EXERCISE AIM - Find "PHOTOWALL / Pink Peonies (e316127)" below and begin at its line; stop after the line with "XJHKG Weiches Donut". Output those lines exactly, without pictures.

AVAILABLE RECORDS -
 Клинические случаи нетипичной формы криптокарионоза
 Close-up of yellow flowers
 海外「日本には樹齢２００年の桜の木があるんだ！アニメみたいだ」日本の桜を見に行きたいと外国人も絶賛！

==

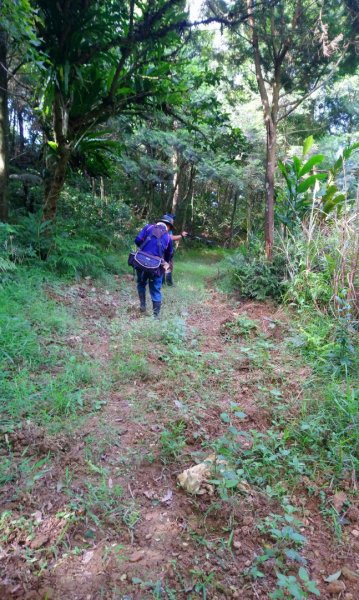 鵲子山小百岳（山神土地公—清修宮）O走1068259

* * *

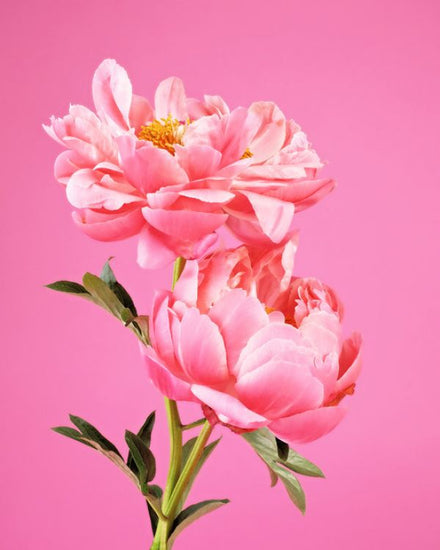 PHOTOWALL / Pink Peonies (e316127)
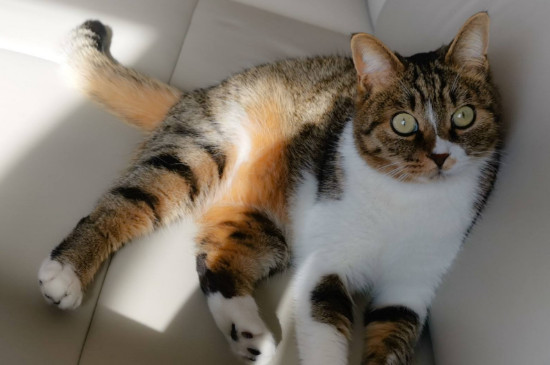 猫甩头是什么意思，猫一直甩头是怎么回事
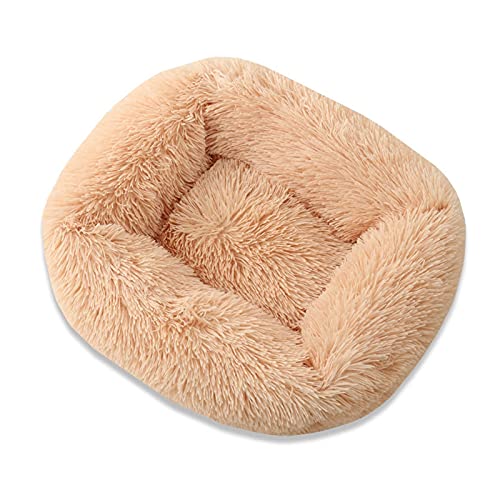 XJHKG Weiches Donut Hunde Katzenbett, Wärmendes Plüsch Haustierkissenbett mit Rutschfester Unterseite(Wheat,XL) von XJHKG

SOLVED EXERCISE -
 PHOTOWALL / Pink Peonies (e316127)
 猫甩头是什么意思，猫一直甩头是怎么回事
 XJHKG Weiches Donut Hunde Katzenbett, Wärmendes Plüsch Haustierkissenbett mit Rutschfester Unterseite(Wheat,XL) von XJHKG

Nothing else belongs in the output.